Problem statement:
Repeat the data precisely as given.

Data items
········

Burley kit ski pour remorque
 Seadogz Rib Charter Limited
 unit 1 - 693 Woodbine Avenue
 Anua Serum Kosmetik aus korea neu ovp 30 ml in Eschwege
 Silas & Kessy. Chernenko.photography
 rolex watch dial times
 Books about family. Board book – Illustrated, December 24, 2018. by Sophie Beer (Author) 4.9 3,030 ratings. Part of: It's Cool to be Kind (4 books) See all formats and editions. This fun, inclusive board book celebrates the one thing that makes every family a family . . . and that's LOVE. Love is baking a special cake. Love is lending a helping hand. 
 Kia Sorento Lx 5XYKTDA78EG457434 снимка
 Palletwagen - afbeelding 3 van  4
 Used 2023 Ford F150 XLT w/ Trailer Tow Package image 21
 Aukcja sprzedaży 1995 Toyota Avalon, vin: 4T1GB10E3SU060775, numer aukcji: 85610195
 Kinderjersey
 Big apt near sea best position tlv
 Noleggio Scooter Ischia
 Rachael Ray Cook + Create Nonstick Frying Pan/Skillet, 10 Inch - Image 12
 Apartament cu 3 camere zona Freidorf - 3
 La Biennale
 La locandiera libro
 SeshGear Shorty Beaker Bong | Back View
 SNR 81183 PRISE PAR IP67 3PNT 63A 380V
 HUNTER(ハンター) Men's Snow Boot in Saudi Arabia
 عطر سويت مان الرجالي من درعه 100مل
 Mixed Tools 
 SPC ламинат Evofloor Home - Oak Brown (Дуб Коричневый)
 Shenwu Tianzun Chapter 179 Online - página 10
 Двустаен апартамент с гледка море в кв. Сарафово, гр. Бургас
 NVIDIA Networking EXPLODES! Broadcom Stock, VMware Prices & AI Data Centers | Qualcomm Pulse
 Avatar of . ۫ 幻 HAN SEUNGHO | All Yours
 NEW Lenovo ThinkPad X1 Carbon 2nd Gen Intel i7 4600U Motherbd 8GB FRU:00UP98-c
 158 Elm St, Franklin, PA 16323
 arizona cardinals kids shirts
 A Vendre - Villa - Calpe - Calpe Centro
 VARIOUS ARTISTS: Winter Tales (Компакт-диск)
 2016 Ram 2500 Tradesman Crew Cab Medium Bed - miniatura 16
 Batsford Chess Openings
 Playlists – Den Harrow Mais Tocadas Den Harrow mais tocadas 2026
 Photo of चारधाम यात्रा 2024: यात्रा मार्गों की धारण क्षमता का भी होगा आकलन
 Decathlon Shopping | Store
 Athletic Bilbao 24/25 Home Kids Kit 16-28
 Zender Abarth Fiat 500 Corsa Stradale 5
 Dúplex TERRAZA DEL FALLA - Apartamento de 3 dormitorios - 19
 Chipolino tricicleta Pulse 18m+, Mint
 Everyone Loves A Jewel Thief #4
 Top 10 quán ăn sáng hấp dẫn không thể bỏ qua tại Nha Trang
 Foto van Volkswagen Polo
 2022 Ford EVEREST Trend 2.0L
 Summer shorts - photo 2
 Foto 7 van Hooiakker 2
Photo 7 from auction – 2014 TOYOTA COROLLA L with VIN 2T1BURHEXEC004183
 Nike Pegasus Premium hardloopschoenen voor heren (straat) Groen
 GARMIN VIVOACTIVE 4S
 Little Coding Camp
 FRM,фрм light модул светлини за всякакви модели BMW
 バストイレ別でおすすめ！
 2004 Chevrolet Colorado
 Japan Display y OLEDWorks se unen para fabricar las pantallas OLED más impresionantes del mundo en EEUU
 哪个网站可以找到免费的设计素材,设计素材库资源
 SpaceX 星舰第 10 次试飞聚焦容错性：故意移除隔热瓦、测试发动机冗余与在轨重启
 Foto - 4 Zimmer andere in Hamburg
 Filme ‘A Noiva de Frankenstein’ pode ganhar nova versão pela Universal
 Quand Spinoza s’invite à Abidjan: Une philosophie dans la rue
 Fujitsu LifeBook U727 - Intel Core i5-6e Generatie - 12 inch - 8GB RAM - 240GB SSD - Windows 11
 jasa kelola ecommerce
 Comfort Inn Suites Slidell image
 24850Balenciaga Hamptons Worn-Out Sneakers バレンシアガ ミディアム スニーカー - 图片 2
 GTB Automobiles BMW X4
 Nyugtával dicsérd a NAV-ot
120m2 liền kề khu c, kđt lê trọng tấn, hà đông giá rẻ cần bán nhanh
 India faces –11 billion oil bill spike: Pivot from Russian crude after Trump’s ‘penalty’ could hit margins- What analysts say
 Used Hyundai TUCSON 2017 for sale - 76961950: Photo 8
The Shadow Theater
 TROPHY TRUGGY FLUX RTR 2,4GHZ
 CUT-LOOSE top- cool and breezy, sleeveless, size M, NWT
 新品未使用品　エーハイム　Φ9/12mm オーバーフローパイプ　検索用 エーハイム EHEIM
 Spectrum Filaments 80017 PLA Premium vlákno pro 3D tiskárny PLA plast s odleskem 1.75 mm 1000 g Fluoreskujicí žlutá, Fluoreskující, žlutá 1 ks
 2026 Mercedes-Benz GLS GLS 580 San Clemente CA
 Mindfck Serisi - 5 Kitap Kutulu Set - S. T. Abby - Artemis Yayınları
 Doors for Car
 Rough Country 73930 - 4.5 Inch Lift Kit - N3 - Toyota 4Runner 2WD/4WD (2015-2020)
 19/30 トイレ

········

Written solution:
Burley kit ski pour remorque
 Seadogz Rib Charter Limited
 unit 1 - 693 Woodbine Avenue
 Anua Serum Kosmetik aus korea neu ovp 30 ml in Eschwege
 Silas & Kessy. Chernenko.photography
 rolex watch dial times
 Books about family. Board book – Illustrated, December 24, 2018. by Sophie Beer (Author) 4.9 3,030 ratings. Part of: It's Cool to be Kind (4 books) See all formats and editions. This fun, inclusive board book celebrates the one thing that makes every family a family . . . and that's LOVE. Love is baking a special cake. Love is lending a helping hand. 
 Kia Sorento Lx 5XYKTDA78EG457434 снимка
 Palletwagen - afbeelding 3 van  4
 Used 2023 Ford F150 XLT w/ Trailer Tow Package image 21
 Aukcja sprzedaży 1995 Toyota Avalon, vin: 4T1GB10E3SU060775, numer aukcji: 85610195
 Kinderjersey
 Big apt near sea best position tlv
 Noleggio Scooter Ischia
 Rachael Ray Cook + Create Nonstick Frying Pan/Skillet, 10 Inch - Image 12
 Apartament cu 3 camere zona Freidorf - 3
 La Biennale
 La locandiera libro
 SeshGear Shorty Beaker Bong | Back View
 SNR 81183 PRISE PAR IP67 3PNT 63A 380V
 HUNTER(ハンター) Men's Snow Boot in Saudi Arabia
 عطر سويت مان الرجالي من درعه 100مل
 Mixed Tools 
 SPC ламинат Evofloor Home - Oak Brown (Дуб Коричневый)
 Shenwu Tianzun Chapter 179 Online - página 10
 Двустаен апартамент с гледка море в кв. Сарафово, гр. Бургас
 NVIDIA Networking EXPLODES! Broadcom Stock, VMware Prices & AI Data Centers | Qualcomm Pulse
 Avatar of . ۫ 幻 HAN SEUNGHO | All Yours
 NEW Lenovo ThinkPad X1 Carbon 2nd Gen Intel i7 4600U Motherbd 8GB FRU:00UP98-c
 158 Elm St, Franklin, PA 16323
 arizona cardinals kids shirts
 A Vendre - Villa - Calpe - Calpe Centro
 VARIOUS ARTISTS: Winter Tales (Компакт-диск)
 2016 Ram 2500 Tradesman Crew Cab Medium Bed - miniatura 16
 Batsford Chess Openings
 Playlists – Den Harrow Mais Tocadas Den Harrow mais tocadas 2026
 Photo of चारधाम यात्रा 2024: यात्रा मार्गों की धारण क्षमता का भी होगा आकलन
 Decathlon Shopping | Store
 Athletic Bilbao 24/25 Home Kids Kit 16-28
 Zender Abarth Fiat 500 Corsa Stradale 5
 Dúplex TERRAZA DEL FALLA - Apartamento de 3 dormitorios - 19
 Chipolino tricicleta Pulse 18m+, Mint
 Everyone Loves A Jewel Thief #4
 Top 10 quán ăn sáng hấp dẫn không thể bỏ qua tại Nha Trang
 Foto van Volkswagen Polo
 2022 Ford EVEREST Trend 2.0L
 Summer shorts - photo 2
 Foto 7 van Hooiakker 2
Photo 7 from auction – 2014 TOYOTA COROLLA L with VIN 2T1BURHEXEC004183
 Nike Pegasus Premium hardloopschoenen voor heren (straat) Groen
 GARMIN VIVOACTIVE 4S
 Little Coding Camp
 FRM,фрм light модул светлини за всякакви модели BMW
 バストイレ別でおすすめ！
 2004 Chevrolet Colorado
 Japan Display y OLEDWorks se unen para fabricar las pantallas OLED más impresionantes del mundo en EEUU
 哪个网站可以找到免费的设计素材,设计素材库资源
 SpaceX 星舰第 10 次试飞聚焦容错性：故意移除隔热瓦、测试发动机冗余与在轨重启
 Foto - 4 Zimmer andere in Hamburg
 Filme ‘A Noiva de Frankenstein’ pode ganhar nova versão pela Universal
 Quand Spinoza s’invite à Abidjan: Une philosophie dans la rue
 Fujitsu LifeBook U727 - Intel Core i5-6e Generatie - 12 inch - 8GB RAM - 240GB SSD - Windows 11
 jasa kelola ecommerce
 Comfort Inn Suites Slidell image
 24850Balenciaga Hamptons Worn-Out Sneakers バレンシアガ ミディアム スニーカー - 图片 2
 GTB Automobiles BMW X4
 Nyugtával dicsérd a NAV-ot
120m2 liền kề khu c, kđt lê trọng tấn, hà đông giá rẻ cần bán nhanh
 India faces –11 billion oil bill spike: Pivot from Russian crude after Trump’s ‘penalty’ could hit margins- What analysts say
 Used Hyundai TUCSON 2017 for sale - 76961950: Photo 8
The Shadow Theater
 TROPHY TRUGGY FLUX RTR 2,4GHZ
 CUT-LOOSE top- cool and breezy, sleeveless, size M, NWT
 新品未使用品　エーハイム　Φ9/12mm オーバーフローパイプ　検索用 エーハイム EHEIM
 Spectrum Filaments 80017 PLA Premium vlákno pro 3D tiskárny PLA plast s odleskem 1.75 mm 1000 g Fluoreskujicí žlutá, Fluoreskující, žlutá 1 ks
 2026 Mercedes-Benz GLS GLS 580 San Clemente CA
 Mindfck Serisi - 5 Kitap Kutulu Set - S. T. Abby - Artemis Yayınları
 Doors for Car
 Rough Country 73930 - 4.5 Inch Lift Kit - N3 - Toyota 4Runner 2WD/4WD (2015-2020)
 19/30 トイレ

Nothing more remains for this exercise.